Share your dilemmas and get honest opinions from other Mumsnetters.

to think mixing up your food on a plate is bad manners?

292 replies

Moonatic · 14/10/2015 21:15

This is dh I'm talking about. Made a pastry-topped chicken and leek pie at the weekend. Served with sweetcorn and carrots. Before eating it, he cut his whole serving into small pieces (size of a penny), then mixed it up. I got really annoyed, as dis the kids and asked him not to eat that way, because it was really bad manners. He said it wasn't. Who is right?

To add: this was just one example. If it's mixable, it gets mixed up. Cottage pie, fish pie, lasagne, pasta, curry and rice - it all turns into a big plate of mush.

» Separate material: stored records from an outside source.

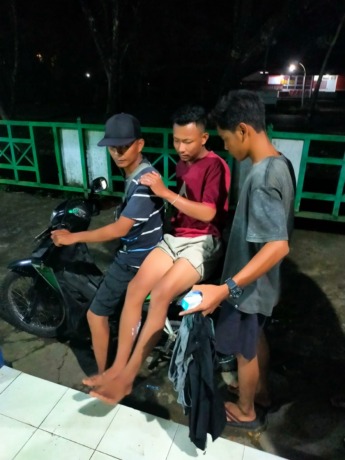 KORBAN: Salah satu korban kebakaran speedboat saat dibawa ke rumah sakit. IST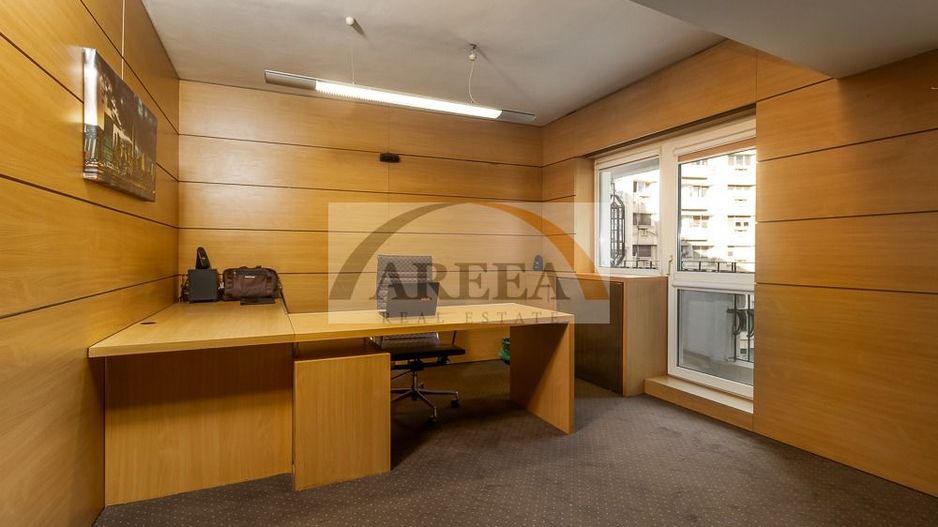 UNIRII FANTANI - 5 camere de vanzare - investitie rara si eleganta - Poză 2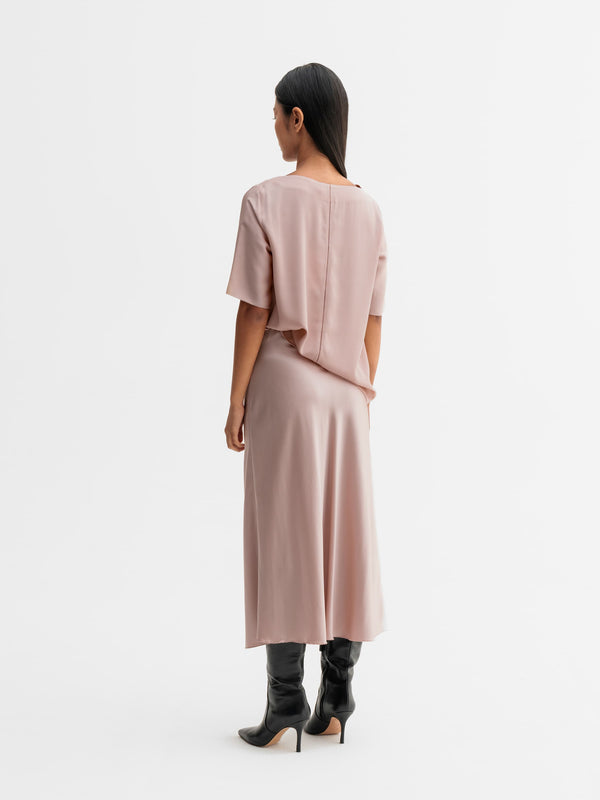Back view of Ahlvar Gallery Yoli silk blouse in Dusty pink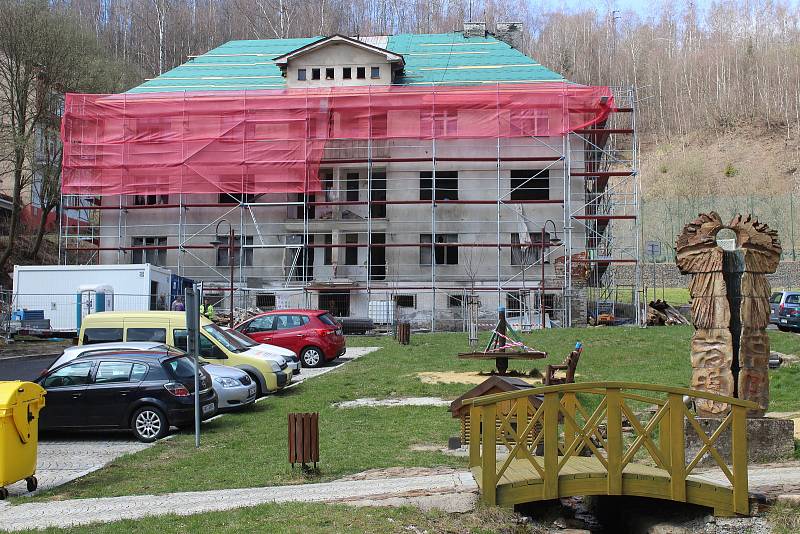 Město už vloni začalo rekonstruovat zchátralý dům na náměstíčku Na Slovanech na byty, které budou využívat i lékaři.
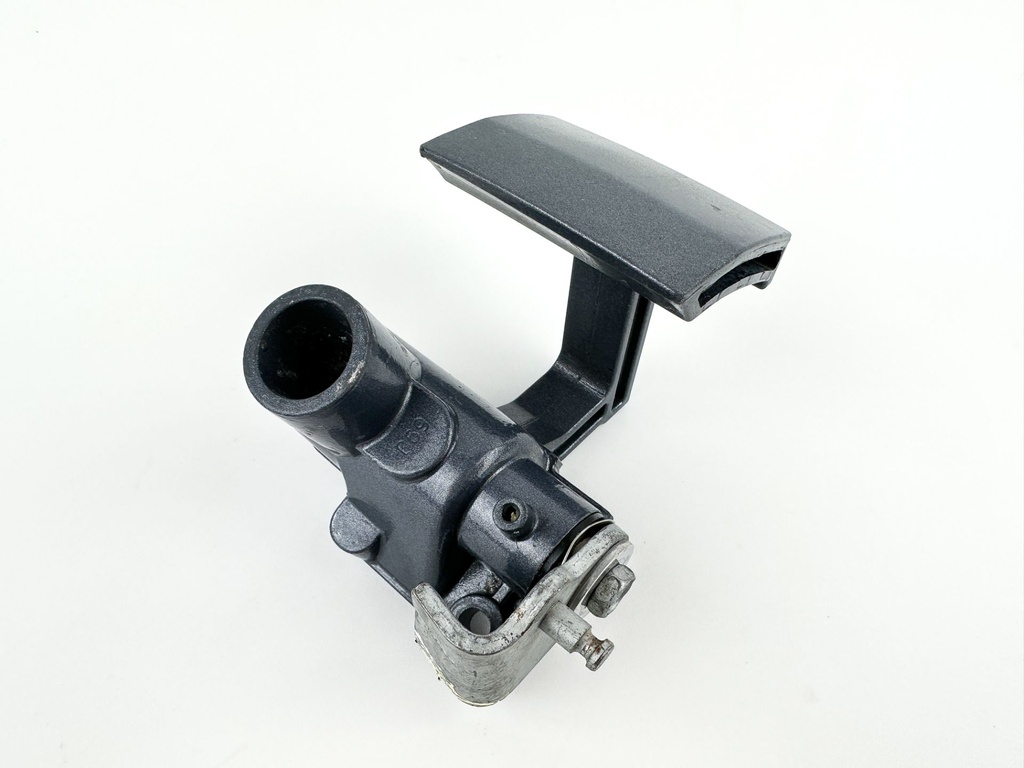2009 Yamaha 250 HP 4 Stroke Outboard Latch Handle Set 69J-42816-00-8D OEM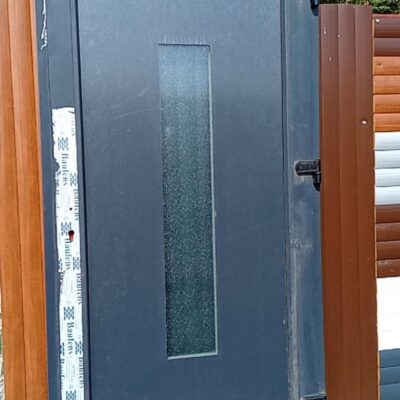 PVC ULAZNA VRATA – 109×210 cm – JEDNOKRILNA – DESNO OTVARANJE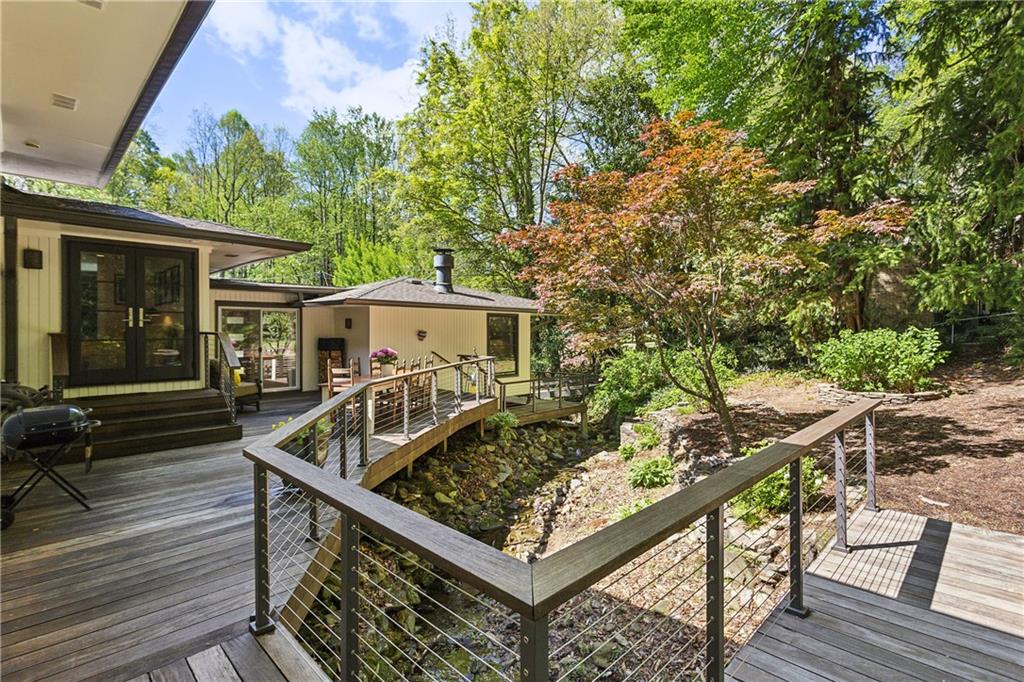 240 W Spalding Drive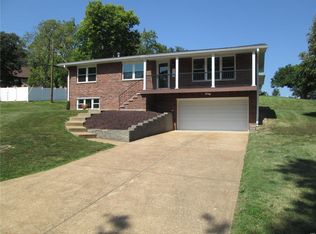 11251 Monte Carlo Dr, Saint Louis, MO 63126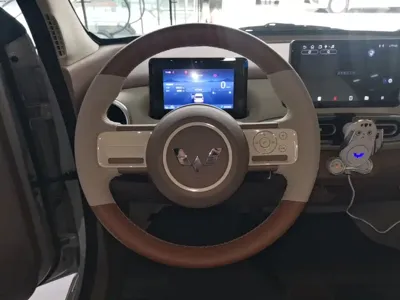 Wuling MINIEV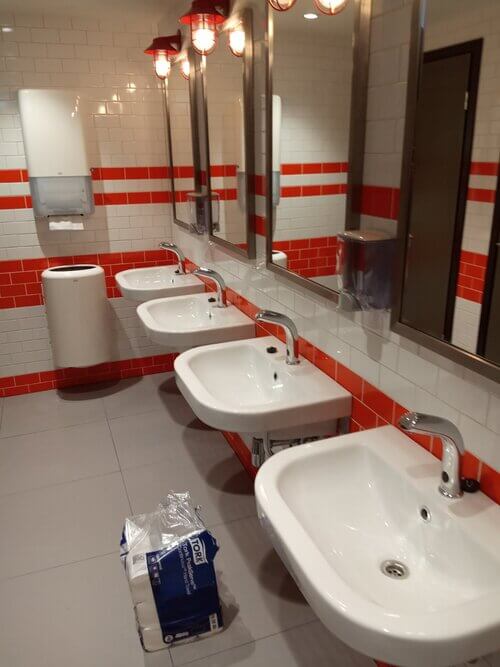 Burger King (Toompuiestee 37)
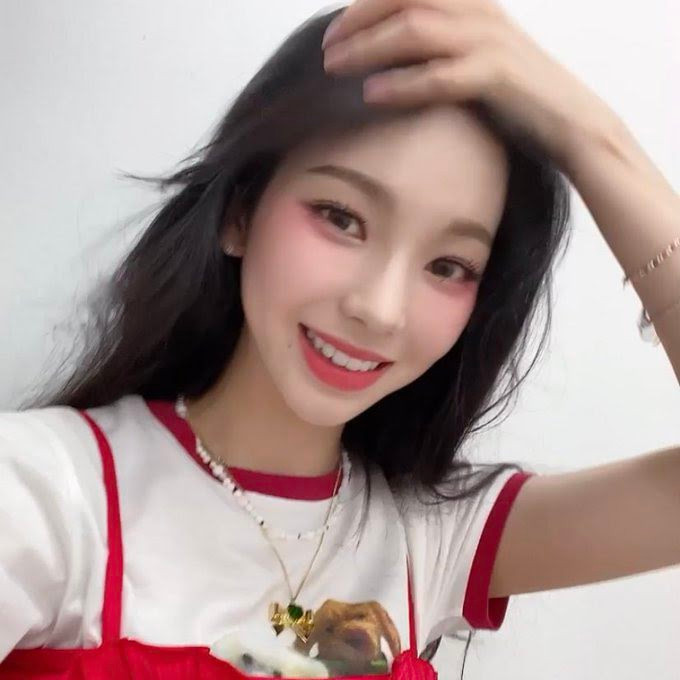 Ảnh chụp màn hình với chất lượng thấp cũng không làm lu mờ nhan sắc cô nàng.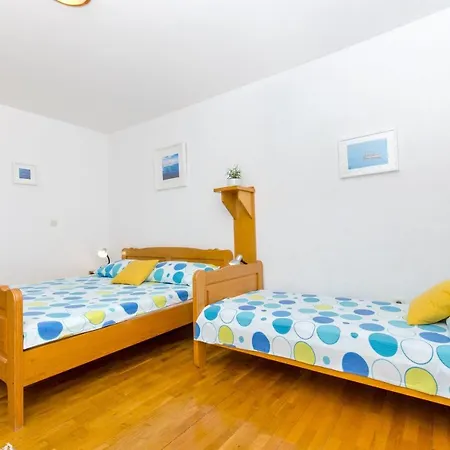 Apartament Bee Maja *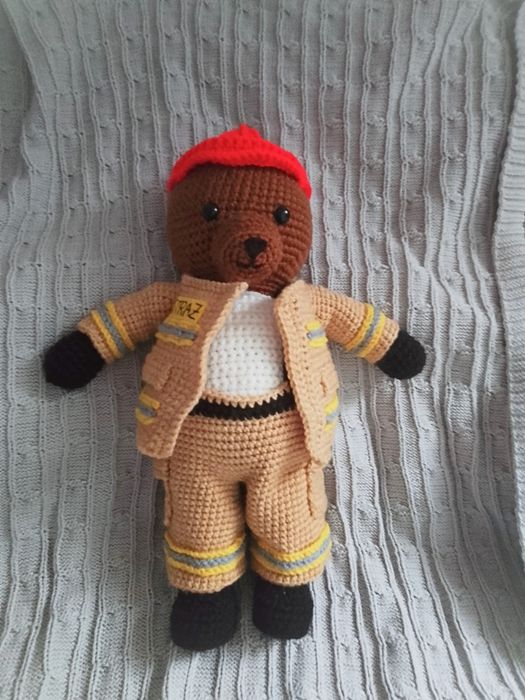 Szydełkowy Miś Strażak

There is also a sub-question: is it rude to cut your food into small pieces before eating it? By which I mean, cutting everything into small bite size pieces before starting to eat. Again, I say it is, dh says it isn't. (This is what he does with food that is less easily mushed up - e.g. something like chops, new potatoes and vegetables.

OP posts:
pictish · 15/10/2015 09:01

I'm with you OP and I promise I'm not hung up on table manners or uptight in general. I would find the sight of meal all churned up into a heap like a slops bucket would turn my stomach a bit. I wouldn't ever think to say anything but I'd not want to look at their plate when I was eating too.
I do consider that to be my problem though.

BestBeforeDate · 15/10/2015 09:01

Sounds revolting and, yes, bad manners. I'm probably a lot older than most posters here, but good table manners to me include consideration for others and not offending anyone else by the way you behave.

What would OP's DH do in a smart restaurant? I'd be embarrassed if someone I was with behaved like this in public. I'm amazed by the number of young people who don't know how to use cutlery properly, stabbing their food with the fork and sawing away with the knife; I agree takeaways and eating in front of the TV are a lot to blame. When my DDs were small we always ate at the table and I was quite hot on table manners. As a result they grew up at ease in any social situation and this has been advantageous to them.

I'll get off my soapbox now ...

Sansoora · 15/10/2015 09:06

I'm with MsRinky, I wouldn't marry someone who ate like that.

Yep, that would be the kind of thing on a date that would make me not want another one.

laundryeverywhere · 15/10/2015 09:07

I think it is bad manners, but it is also bad manners to comment on how he eats, especially in front of the children. It's like if someone doesn't say Thank You and you make a snide comment about that, you have been just as rude as them. But I am not saying you shouldn't bring it up with him in a pleasant way and maybe ask him to respect your feelings at a family meal when you have been to a lot of trouble and as a good example to the kids. If he still keeps doing it I would stop making nice family meals.

Sansoora · 15/10/2015 09:08

*Sounds revolting and, yes, bad manners. I'm probably a lot older than most posters here, but good table manners to me include consideration for others and not offending anyone else by the way you behave.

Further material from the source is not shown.